The PM’s confidence springs from the comfortable numbers that supporters of the Bill enjoy in the RS - Congress (71), BJP (45) and Left (20). They have 136 MPs and need 15 more to cross the 155-mark to attain a two-third majority in a House with an effective strength of 233 (total strength of 245).

If the Bill goes through, India would stand to improve political representation of women - currently a meager 8.3 per cent against the Asian average of 16.5 and the world average of 17.1 per cent.

New Delhi, March 6
After subsisting in margins of the political landscape for 14 years, the historic Women’s Reservation Bill is all set for a safe passage through the Rajya Sabha with the government today reaffirming support to the same and other parties, including the NCP, SAD, BJD and NC, backing it.

Even traditional adversaries like the JDU appear to be falling in line with party ranks divided on the issue. Bihar Chief Minister Nitish Kumar violated party chief Sharad Yadav’s position on the Bill today, saying women’s reservation in politics was an idea whose time has come. Having himself dissented on the issue in 1997, Nitish today appealed to the JDU chief to reconsider his position.

Yadav was in no mood to oblige and dismissed Kumar’s comments as “personal”. He also dared the Congress and BJP to pass the Bill without issuing a whip. “Whip indicates a division within the Congress and BJP,” Yadav said.

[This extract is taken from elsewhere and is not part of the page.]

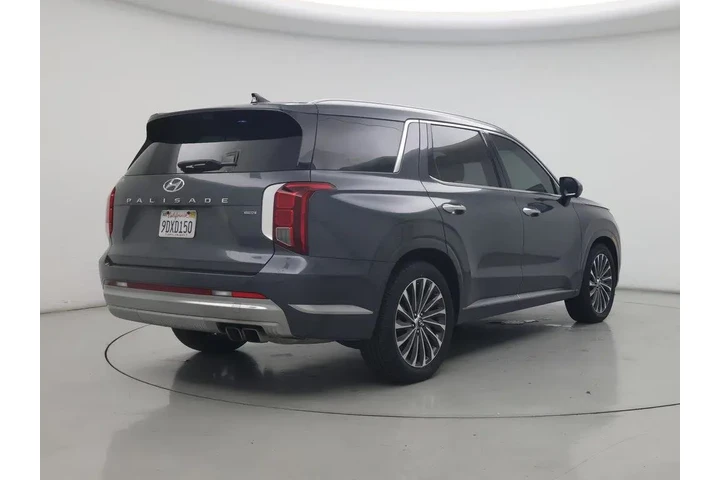 $39998 : Hyundai PALISADE 2023 AWD Ca image 8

His opposition apart, Prime Minister Manmohan Singh today hinted at the Constitution (108th Amendment) Bill’s passage in Rajya Sabha this Monday, telling the Women’s Leadership Summit in the capital that the UPA was moving towards providing one-third reservation to women in Parliament and state legislatures.

More numbers today flowed as Naresh Gujral of the SAD with three RS members - NCP’s Tariq Anwar with six MPs, NC patron Farooq Abdullah with two MPs and BJD Arjan Sethi with four MPs - said they’d vote for the Bill.

AIADMK with 7 MPs, DMK’s four, BSP, TMC, TDP and JDS with 2 MPs each are most likely to back the Bill, first introduced in Lok Sabha on September 12, 1996 when HD Deve Gowda was the Prime Minister of the United Front government.

For its part, the BJP core group met today, with party president Nitin Gadkari saying a unanimous decision had been taken to ensure passage of the Bill.

Visible opposition will now come only from old critics, including RJD’s Lalu Yadav, who wants a sub-quota for minority women; Mulayam Singh Yadav of the SP and Sharad Yadav camp of the JDU that has seven MPs in the RS and the Shiv Sena.

Though parliamentary affairs minister Pawan Bansal today said the government wouldn’t face problems in passing the Bill in both Houses, doubts remain on the preventive strategy socialist parties would adopt in on Monday.

RJD sources today told The Tribune that numbers were never an issue insofar as passage of this Bill was concerned. “It is not about numbers. Majority MPs in the Congress, BJP and Left don’t want this Bill. They have always counted on us to stall it,” said a senior RJD leader.